Alberta is introducing legislative changes that clear the way for a regulatory framework that will transfer the cost of recycling from municipalities onto companies.
The province is developing an extended producer responsibility program which will make producers responsible for recycling costs of single-use plastics, packaging and paper products, along with hazardous materials such as batteries and pesticides.
While the EPR program has not been finalized, the province is amending legislation so the framework can be adopted in the spring of 2022.
Changes to the Environmental Protection and Enhancement Amendment Act introduced Monday would give the province the legal ability to exempt certain designated materials, activities, companies and industries from the regulations.
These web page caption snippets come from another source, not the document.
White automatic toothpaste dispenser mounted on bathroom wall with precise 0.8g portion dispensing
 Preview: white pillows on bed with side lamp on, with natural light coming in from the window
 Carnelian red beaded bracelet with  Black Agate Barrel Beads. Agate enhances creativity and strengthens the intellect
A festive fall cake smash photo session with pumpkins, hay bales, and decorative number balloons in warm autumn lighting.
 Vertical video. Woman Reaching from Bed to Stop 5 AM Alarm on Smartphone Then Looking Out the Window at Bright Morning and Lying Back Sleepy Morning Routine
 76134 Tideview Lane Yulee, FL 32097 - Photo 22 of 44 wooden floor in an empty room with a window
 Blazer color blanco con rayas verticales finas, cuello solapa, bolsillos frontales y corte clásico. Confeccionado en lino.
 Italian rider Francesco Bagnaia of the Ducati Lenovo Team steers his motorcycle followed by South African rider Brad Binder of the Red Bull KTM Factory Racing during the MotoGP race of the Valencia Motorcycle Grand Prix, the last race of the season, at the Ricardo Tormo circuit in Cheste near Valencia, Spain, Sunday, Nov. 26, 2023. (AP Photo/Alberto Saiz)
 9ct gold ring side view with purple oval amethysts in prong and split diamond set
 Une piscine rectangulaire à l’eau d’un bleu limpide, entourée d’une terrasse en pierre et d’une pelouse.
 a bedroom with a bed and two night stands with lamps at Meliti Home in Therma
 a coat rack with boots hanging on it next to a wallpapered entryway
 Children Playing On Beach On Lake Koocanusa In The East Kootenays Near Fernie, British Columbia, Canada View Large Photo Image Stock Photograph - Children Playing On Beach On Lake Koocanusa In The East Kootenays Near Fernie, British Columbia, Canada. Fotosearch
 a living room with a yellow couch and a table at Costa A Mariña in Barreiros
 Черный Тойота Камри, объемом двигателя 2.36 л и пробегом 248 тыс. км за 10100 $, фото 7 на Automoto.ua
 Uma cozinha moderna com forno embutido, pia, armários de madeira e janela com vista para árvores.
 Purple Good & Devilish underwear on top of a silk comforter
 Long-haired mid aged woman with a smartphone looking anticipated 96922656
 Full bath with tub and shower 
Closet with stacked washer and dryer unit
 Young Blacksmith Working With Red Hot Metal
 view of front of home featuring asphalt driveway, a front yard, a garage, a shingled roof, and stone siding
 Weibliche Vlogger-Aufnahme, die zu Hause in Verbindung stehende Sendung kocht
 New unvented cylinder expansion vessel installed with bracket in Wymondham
The amendments would also allow for Alberta regulators to collect operational data on producers to determine which companies are eligible for such exemptions.
Exemptions are necessary to ensure certain companies, such as small businesses and charities, do not face an undue regulatory burden, said Jaclyn Schmidt, Alberta Environment and Parks spokesperson.
"The bill will ensure that subsequent regulation is reasonable and enforceable by allowing for exemptions," Schmidt said.
"This ensures that producer-run programs can customize their material collection and recovery methods in a way that best suits their systems while still meeting the performance targets and expectations."
Schmidt said the regulations are being drafted and ongoing consultations with stakeholders will shape the final policy.
"Those exemptions are part of the further discussion," she said. "We recognize that there are lots of unique situations."
The province has touted the framework as a way to transfer the cost and management of recycling away from municipalities and municipal taxpayers to the companies that produce the packaging.
Alberta, the only province without such a framework, began consultations on the program in the spring of 2021.
"Right now and for far too long, municipalities and taxpayers have been shouldering the burden of collecting, sorting and processing and recycling waste," Environment Minister Jason Nixon said in a news conference Monday.
Albertans send 1,034 kilograms per person of waste to landfills each year — more than any other Canadian jurisdiction, Nixon said.
While details of the framework are still being ironed out, a discussion paper released by Environment and Parks details how the province may regulate producers.
The document suggests exemptions would include charities and small businesses with a gross revenue in the most recent calendar year of less than $1 million.
The document also proposes a third-party producer-funded organization be established to provide regulatory oversight and that operators have the option to choose whether their regulatory obligations are met individually or through a collective.